With HiveWarehouseConnector (originally published by Hortonworks), Spark can read/write DataFrames to/from Hive on MR3 through JDBC queries. Unlike Hive-LLAP, however, Hive on MR3 cannot pass DataFrames directly to Spark because ContainerWorkers of MR3 are designed only to execute Tasks from DAGAppMaster. Nevertheless HiveWarehouseConnector should be useful in common use cases in which Spark extracts/transforms/loads data while Hive on MR3 analyzes data with SQL queries.

Below we illustrate how to use HiveWarehouseConnector with Hive on MR3. We assume that HiveServer2 of Hive 3.1.2 on MR3 is running, and that Spark 2.3.1 is configured to access the same HDFS that Hive on MR3 uses.

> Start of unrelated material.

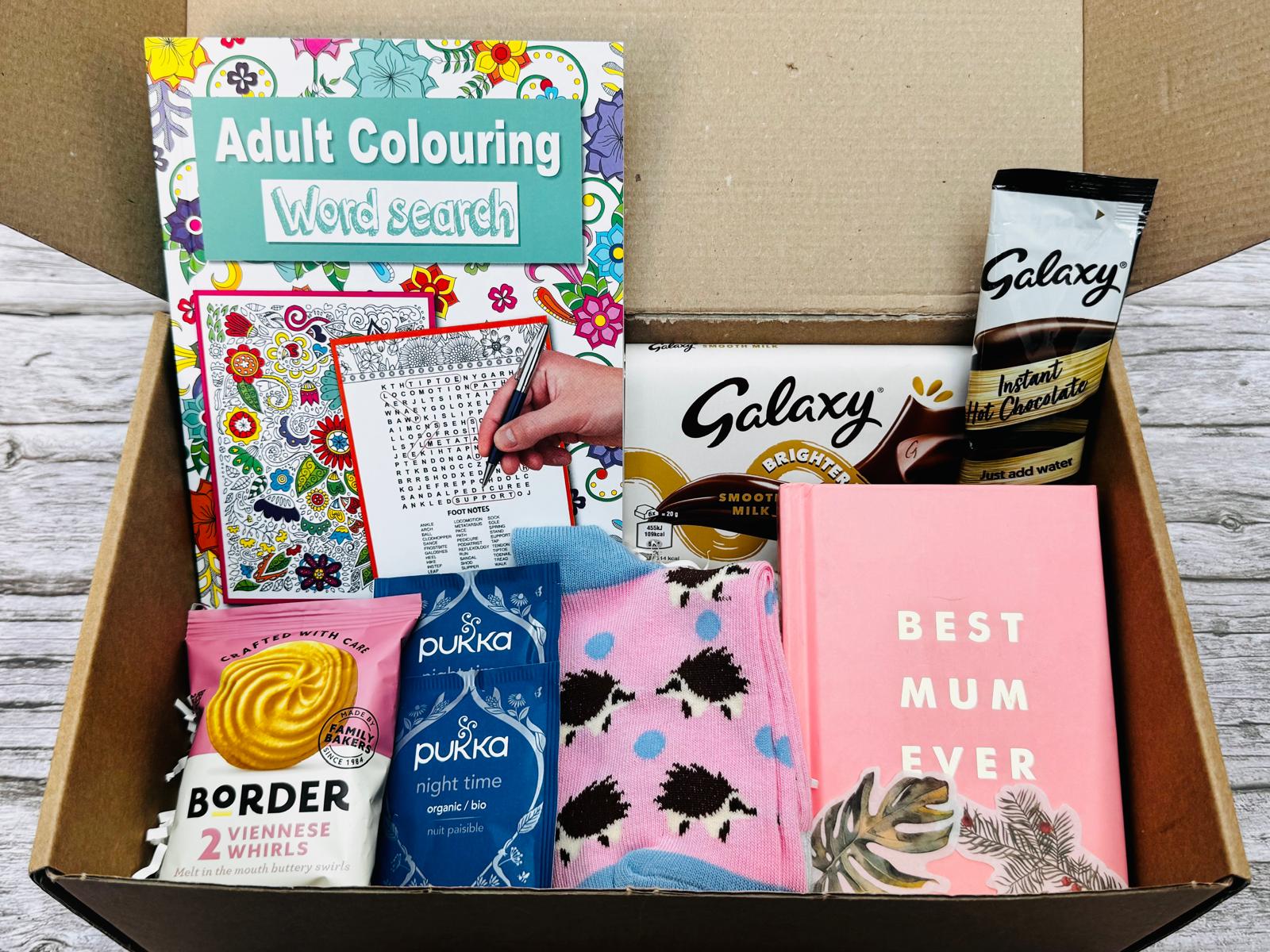 Luxury Mothers Gift box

Compiling HiveWarehouseConnector

HiveWarehouseConnector for Hive on MR3 is available at GitHub. In order to compile HiveWarehouseConnector, the user needs Scala and SBT. First check the version of each component in build.sbt:

sparkVersion := sys.props.getOrElse("spark.version", "2.3.1")

val hadoopVersion = sys.props.getOrElse("hadoop.version", "3.1.0")
val hiveVersion = sys.props.getOrElse("hive.version", "3.1.2")
val log4j2Version = sys.props.getOrElse("log4j2.version", "2.4.1")
val tezVersion = sys.props.getOrElse("tez.version", "0.9.1")
val thriftVersion = sys.props.getOrElse("thrift.version", "0.9.3")

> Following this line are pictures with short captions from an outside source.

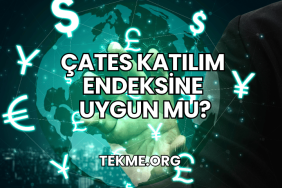 Çates Katılım Endeksine Uygun mu?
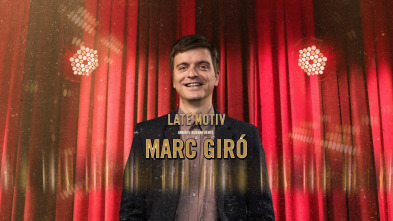 Imagen de Late Motiv (T5): Marc Giró - 2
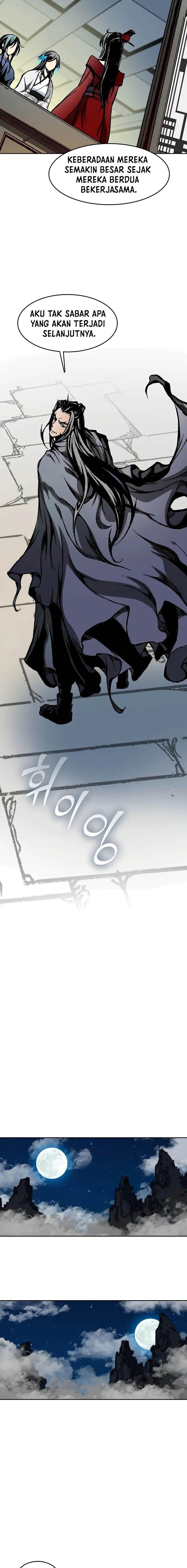Memoir Of The King Of War Chap 104 - Next Chap 105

hadoopVersion must be 3.0.0 or higher because org.apache.hadoop.fs.Path is serializable only in Hadoop 3.

Then compile HiveWarehouseConnector by executing SBT:

$ sbt assembly

The HiveWarehouseConnector jar file can be found at /target/scala-2.11 (if Scala 2.11 is used).

Runnig spark-shell

Run spark-shell with the HiveWarehouseConnector jar file, as in the following example:

$ spark-shell --jars ~/spark-hivemr3/target/scala-2.11/hive-warehouse-connector-assembly-1.0.0-SNAPSHOT.jar --conf spark.sql.hive.hiveserver2.jdbc.url="jdbc:hive2://10.1.91.41:9852/;principal=hive/red0@RED"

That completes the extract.